The Evidence of Colonel Arbuthnot
- Poirot moves on to interview another one of the first class passengers: Colonel Arbuthnot. Arbuthnot is a man of "true British brevity" (2.8.6). That is, he answers with yes's and no's.
- Here's the rundown:
- He is coming home on leave from England on a train, not the usual boat. Why? Reasons of his own, he says.
- He stopped in Baghdad for three days. He claims not to have known Mary Debenham until the train.
- Poirot asks his opinion of Mary Debenham, and says the crime was probably committed by a woman. (Yep, he's trying to push the Colonel's buttons.) Arbuthnot gets a little worked up and says the idea is absurd.
- As for his actions last night, he tells the same story as MacQueen: the two of them were discussing Indian politics. Though the Colonel generally doesn't like Americans, he's made an exception for MacQueen.

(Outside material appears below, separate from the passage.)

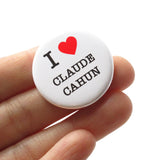 A round white pinback button that reads I LOVE CLAUDE CAHUN with love being a red heart. Held in a hand.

- Colonel Arbuthnot went to bed around 2 in the morning. MacQueen called the conductor as Arbuthnot left for his compartment.
- He did get off with MacQueen at the Vincovi stop, but briefly, because of the blizzard.
- Back in the compartment, he did indeed smoke a pipe. A pipe!
- Did he see anyone pass by? No, he did not see anyone. He smelled a woman, though. He knows because it reminded him of the plight of women in Russia.
- Arbuthnot has never been to America, but admits to knowing Colonel Toby Armstrong, Daisy Armstrong's father.
- He says that if Ratchett was Cassetti, then he got what he deserved.
- He also mentions something interesting: "trial by jury is a sound system" (2.8.90).
- Arbuthnot mentions that he noticed that the door beyond his, No. 16, had a man peeping out of it when he got back to his compartment. The man looked suspicious.
- Before he goes, Colonel Arbuthnot also mentions that Miss Debenham is a "pukka sahib." Poirot explains that this means her father and Colonel Arbuthnot's father went to same kind of school. But wait… aren't they not supposed to know each other?
- Poirot and M. Bouc agree that, although they have a clue that points to Colonel Arbuthnot, he doesn't fit the crime. Each crime has a "signature" (2.8.121), Poirot tells us, and this one does not have Arbuthnot's.